Qualcosa di analogo accadde ad Ovest, dove la socialdemocrazia subì una metamorfosi, e la sinistra inseguì la destra angloamericana di quei tempi e la superò nell’idea che la globalizzazione potesse agire come una sorta di meccanismo al contempo efficiente produttore ed equo redistributore di ricchezze e possibilità sociali, in nome di una società post-statuale e transnazionale. Una vera e propria euforia contagiò molti socialisti europei e democratici americani a partire dall’autunno 1989, che per altri versi fu una meravigliosa e forse irripetibile stagione di liberazione e promessa di radioso futuro. Scrive sempre Garton Ash che la miseria materiale e morale che incombeva da decenni come una cappa mortifera ad Est aveva finito per mitizzare tra polacchi, ungheresi, tedeschi orientali, rumeni, cechi e slovacchi, ma anche russi e ucraini, il modello sociale dell’Ovest, senz’altro florido e in crescita, e soprattutto libero. Aveva inoltre sovraccaricato di aspettative così elevate e numerose una Comunità europea che, alla prova dei fatti, mai avrebbe potuto davvero soddisfarle.
È su questa delusione che s’innesta il mutamento politico occidentale degli ultimi anni, ma non dobbiamo peccare di determinismo storico. Non tutto è figlio del 1989 e del modo in cui è stata gestita quella breve ma intesa stagione di libertà. Anzitutto non va dimenticato un altro 1989, quello cinese, e come dalla rivolta di Tienanmen la Cina trasse una lezione che altri hanno poi seguito, tanto che oggi appare, più e meglio di ieri, praticabile il connubio tra sviluppo economico e restrizione delle libertà civili e politiche. E poi ci sono le due date spartiacque sopra ricordate, il 2001 e il 2007, che hanno messo definitivamente in crisi l’utopia di una globalizzazione intesa come sostituzione del conflitto e della guerra tra Stati con una pacifica competizione economica tra multinazionali e l’autoregolazione dei mercati finanziari.

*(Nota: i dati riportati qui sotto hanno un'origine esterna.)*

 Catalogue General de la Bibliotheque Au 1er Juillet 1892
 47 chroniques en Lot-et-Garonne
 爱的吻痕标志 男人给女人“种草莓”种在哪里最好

Più rapidamente e più intensamente il mondo si connette, più sale il livello dello scontro, anche perché il nuovo ordine mondiale ipotizzato nei primi anni Novanta avrebbe richiesto una potenza egemone introvabile per un ruolo insostenibile da chiunque, Stati Uniti compresi. Il mondo è ancora troppo vasto per essere abbracciato da un impero globale, e almeno su questo il liberalismo può trarre un sospiro di sollievo. Il tema non si esaurisce certo qui. Ci torneremo.